Al oír esto, Briggs palideció.

—Sí —continuó Duke—. Una de mis primeras precauciones fue la de investigar en los domicilios de todas las personas que se hallaban en el pabellón cuando se cometió el robo y el crimen. Usted recordará, porque estaba allí, que se tomó el nombre y dirección de cada uno de los que allí estaban. Usted presentó la documentación de Beethume, pensando que se trataba de una medida rutinaria y que sospechando de Covarrubias no se investigaría a fondo lo demás. No pensó que al ir a casa de Beethume nos dirían que dicho señor había muerto quince días antes y que la Compañía de Seguros que usted dirige tenía su documentación para proceder al pago del seguro de vida. En cuanto sospechamos de usted, todos esos detalles resultaban terriblemente acusatorios, señor Briggs. Para colmo, ayer noche nos dejó usted una serie de pruebas comprometedoras al no fijarse que en el horno eléctrico había cuatro cámaras cinematográficas sonoras que tomaron todas las escenas que se desarrollaron cerca de ellas, y que le presentan con su hermoso disfraz y su inconfundible voz.

—¿Y cómo me apoderé del horno?

—De una manera muy sencilla. Por medio de unos cómplices a los que avisó en cuanto el señor Sewall le anunció que yo me llevaba el horno. Eso debía hacerlo por estar dicho horno asegurado por su Compañía.

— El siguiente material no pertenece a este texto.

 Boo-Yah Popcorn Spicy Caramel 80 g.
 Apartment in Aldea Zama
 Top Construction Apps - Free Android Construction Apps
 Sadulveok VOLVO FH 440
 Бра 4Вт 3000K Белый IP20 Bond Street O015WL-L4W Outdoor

—Sí, yo le telefoneé —dijo Sewall—. Cuando el señor Dennison llegó para dirigir el traslado del horno...

Sewall se interrumpió porque, de pronto, Briggs se había incorporado de un salto y de un bolsillo sacó un objeto metálico en forma de frasco petaca.

—Muy bien —dijo—. Me habéis cazado. Habéis echado por tierra mis planes; pero ninguno de vosotros disfrutará del triunfo. Aquí dentro hay un litro de oxígeno líquido. Cuando caiga al suelo se partirá y todos moriremos helados...

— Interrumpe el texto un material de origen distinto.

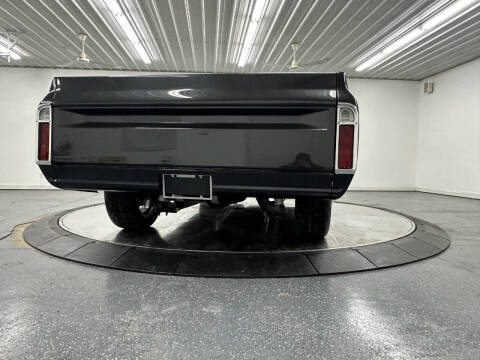 1969 Chevrolet C10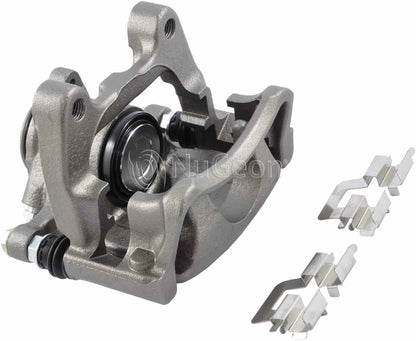 BBB Industries Remanufactured Disc Brake Caliper 99-03361A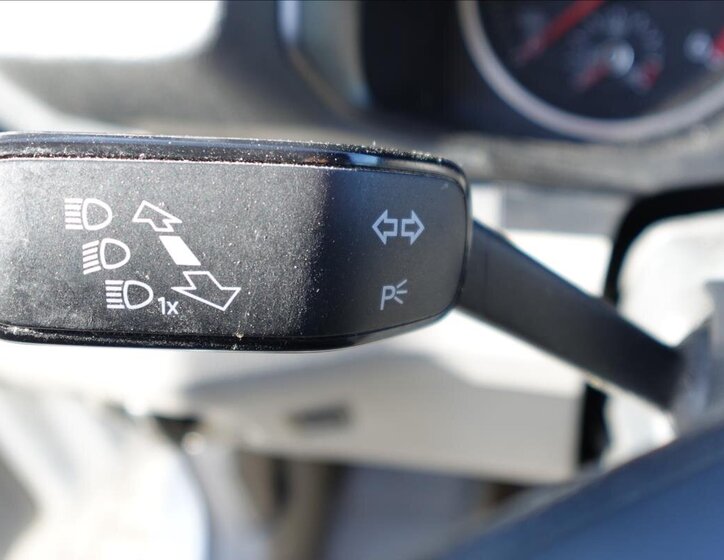 Volkswagen Crafter Ostatní 2,0 l 103 kw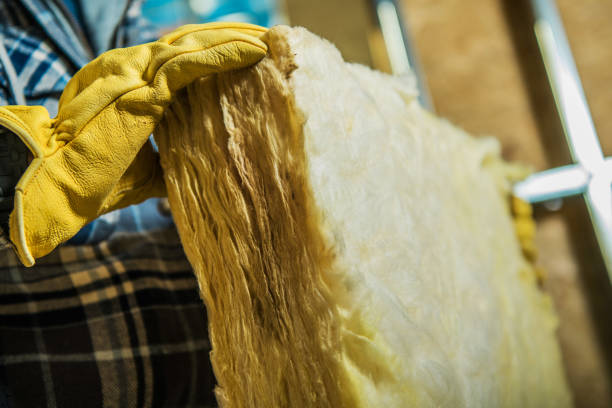 Best Blown-in Insulation in Listoga, CA
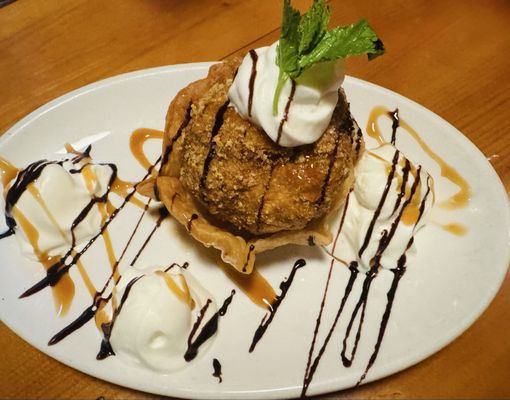 Tortilla Flats by null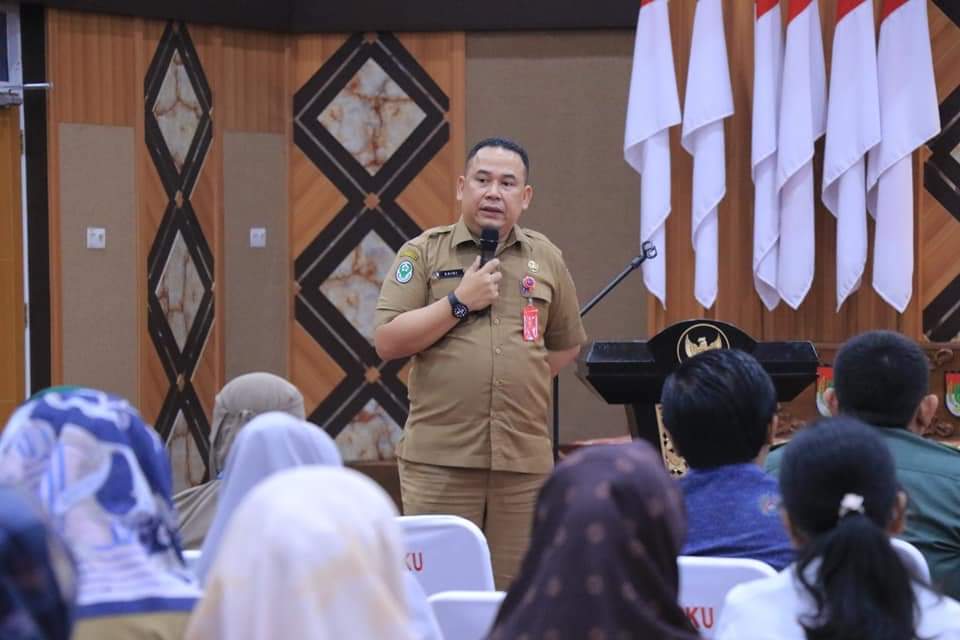 Berobat Di Puskesmas Meningkat Pasca UHC Diluncurkan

La reacción de Duke fue demasiado rápida para que Austin Briggs pudiera anticiparle. En la mano del joven apareció una pistola de corto cañón con la que Duke hizo un solo disparo. Mas no apuntó al corazón de Briggs, sino al frasco metálico que sostenía en alto.

Oyóse un silbido y el aire líquido cayó en cascada sobre Austin Briggs, que lanzó un grito de agonía y cayó al suelo, helado, muerto al instante.

Mirando al cuerpo tendido en el suelo, Duke apostilló:

—Ha sido una suerte que la cosa haya terminado así. Podremos evitar que se remueva demasiado fango, ya que con las pruebas del delito, probamos sobradamente la culpabilidad de Briggs. Le ruego, señor Horney, que olvide cuanto ha visto y oído.